In this digital age, social media has become a vital part of our everyday lives. Our phones are the first and last thing that most of us check on a daily basis and the internet has completely rewired the way that we not only treat ourselves, but also our peers, strangers and loved ones.
Despite a large sum of young people today proving to be more progressive than the generations that came before them, there is still a large elephant in the corner of the digital room — we have become far more emboldened to mistreat others.
Social media acts as a breeding ground for trolls, problematic comedy, controversy, and harmful interaction. We seem to have disregarded empathy: rudeness and entitlement have become our default setting. On platforms meant for people to share thoughts, ideas and information, we share misinformation, bully others and spread insensitive material.
While one can’t blame technology for the lack of compassion that already exists within many people, one can question what it is about the internet that makes us feel as though it is acceptable to perpetuate toxic behaviors.
Anonymity is one factor. A study by the Department of Communication at Stanford University found a link between one’s state of anonymity and their behavior. Not only are people more likely to show aggression in anonymous situations, but they are also more likely to portray anti-normative and antisocial behavior.
It is easy to treat people in an unpleasant manner when you can hide behind a screen and deny accountability for your unpleasant actions. Social media has not only given us a mask to don while we post, but it is also a platform to feel as though our opinions matter.

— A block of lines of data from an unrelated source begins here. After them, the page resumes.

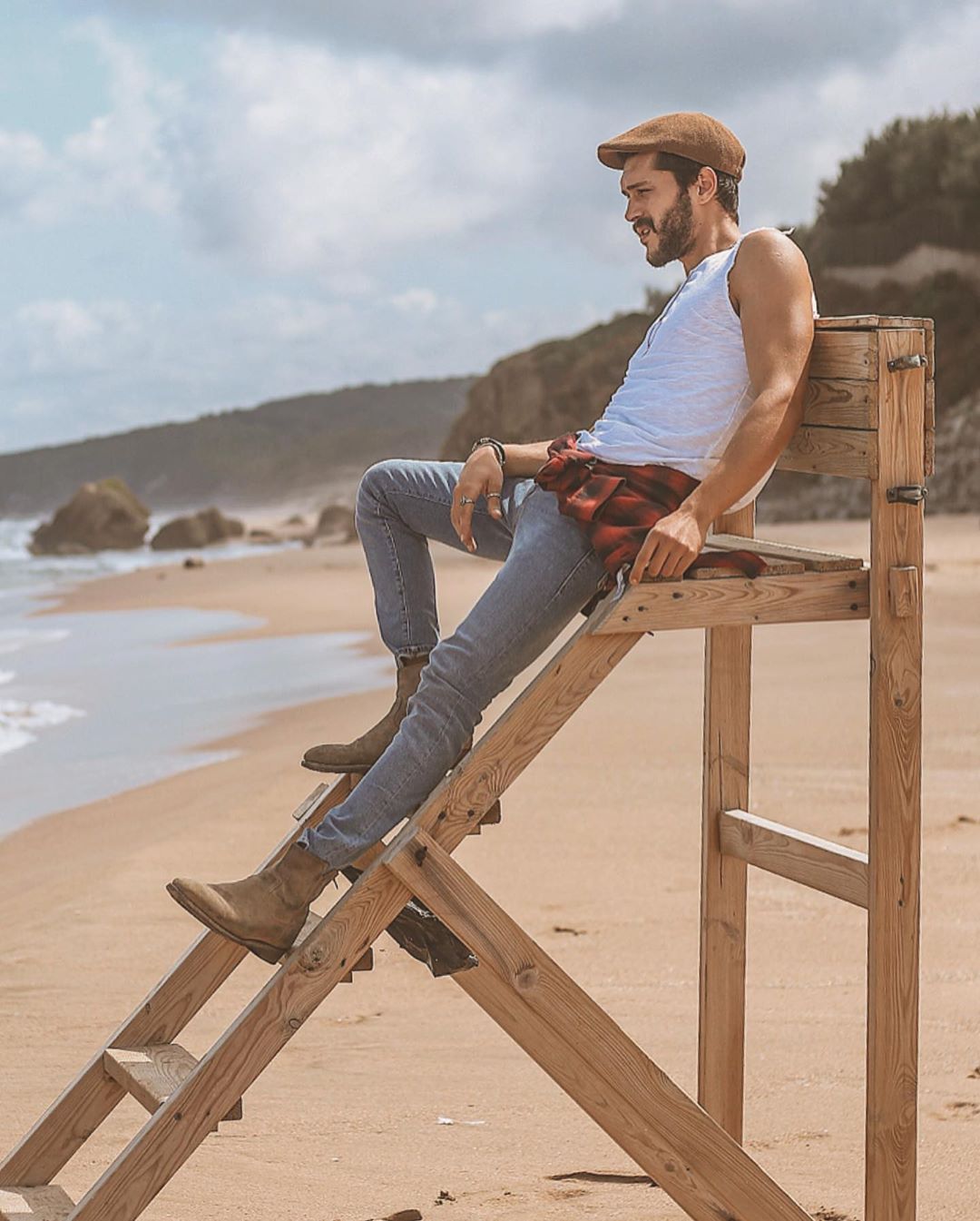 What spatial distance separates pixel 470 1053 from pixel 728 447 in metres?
2.32

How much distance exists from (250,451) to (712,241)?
88576mm

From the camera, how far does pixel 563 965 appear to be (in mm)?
5406

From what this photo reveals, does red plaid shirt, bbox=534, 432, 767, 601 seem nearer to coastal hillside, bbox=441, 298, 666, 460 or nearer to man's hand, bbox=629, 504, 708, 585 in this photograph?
man's hand, bbox=629, 504, 708, 585

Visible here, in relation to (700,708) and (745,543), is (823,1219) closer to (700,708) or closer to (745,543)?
(745,543)

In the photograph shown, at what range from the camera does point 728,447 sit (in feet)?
10.6

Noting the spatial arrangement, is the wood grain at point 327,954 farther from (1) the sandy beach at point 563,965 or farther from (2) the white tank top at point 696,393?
(1) the sandy beach at point 563,965

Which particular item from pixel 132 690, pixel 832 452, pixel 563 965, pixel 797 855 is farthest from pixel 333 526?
pixel 832 452

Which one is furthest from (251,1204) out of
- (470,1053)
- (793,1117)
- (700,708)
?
(700,708)

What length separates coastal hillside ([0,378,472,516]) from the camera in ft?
281

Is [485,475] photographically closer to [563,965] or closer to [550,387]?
[563,965]

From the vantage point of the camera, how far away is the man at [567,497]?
320 centimetres

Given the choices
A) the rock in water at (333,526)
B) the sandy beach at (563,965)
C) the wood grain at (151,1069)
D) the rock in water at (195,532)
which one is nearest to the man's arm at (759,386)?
the wood grain at (151,1069)

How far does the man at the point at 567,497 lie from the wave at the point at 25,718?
6.67 meters

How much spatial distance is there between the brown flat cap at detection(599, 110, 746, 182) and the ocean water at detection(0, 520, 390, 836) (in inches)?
207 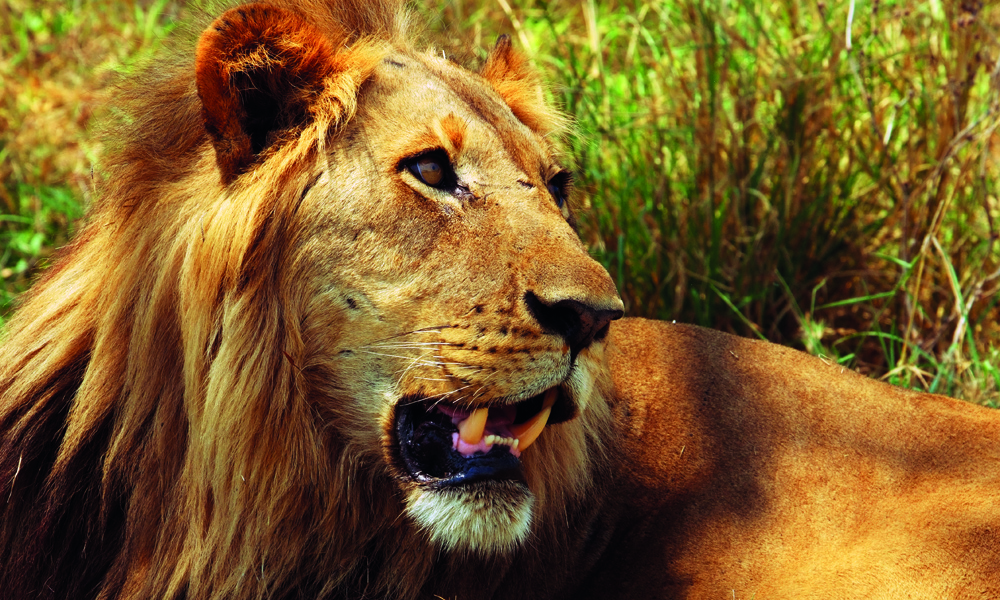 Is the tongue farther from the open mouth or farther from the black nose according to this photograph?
the black nose

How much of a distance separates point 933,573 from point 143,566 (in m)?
1.60

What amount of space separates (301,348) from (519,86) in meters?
0.95

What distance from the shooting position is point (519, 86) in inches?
107

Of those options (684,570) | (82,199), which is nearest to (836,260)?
(684,570)

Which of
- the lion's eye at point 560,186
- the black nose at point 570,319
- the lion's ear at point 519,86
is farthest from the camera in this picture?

“People feel they have to share their opinions on everything, everywhere, at all times, even if backed up by scant knowledge,” Danny Wallace, the author of “F*** You Very Much: The Surprising Truth About Why People Are So Rude,” said.
It is true that when you put something online in a public forum, you subject yourself to the court of public opinion. However, not everything needs to be commented on, especially by a commentator who is not willing to consider the fact that the person they are making a spectacle out of has feelings.
Alongside the aforementioned factors, we seem to have forgotten the proper way to treat others. Rather than treating others the way that we would want to be treated, we choose performative impudence for the sake of a like or retweet.
It is important to remember that when your device turns off and you are forced to look into the black mirror, you are truly a reflection of how you treat those around you.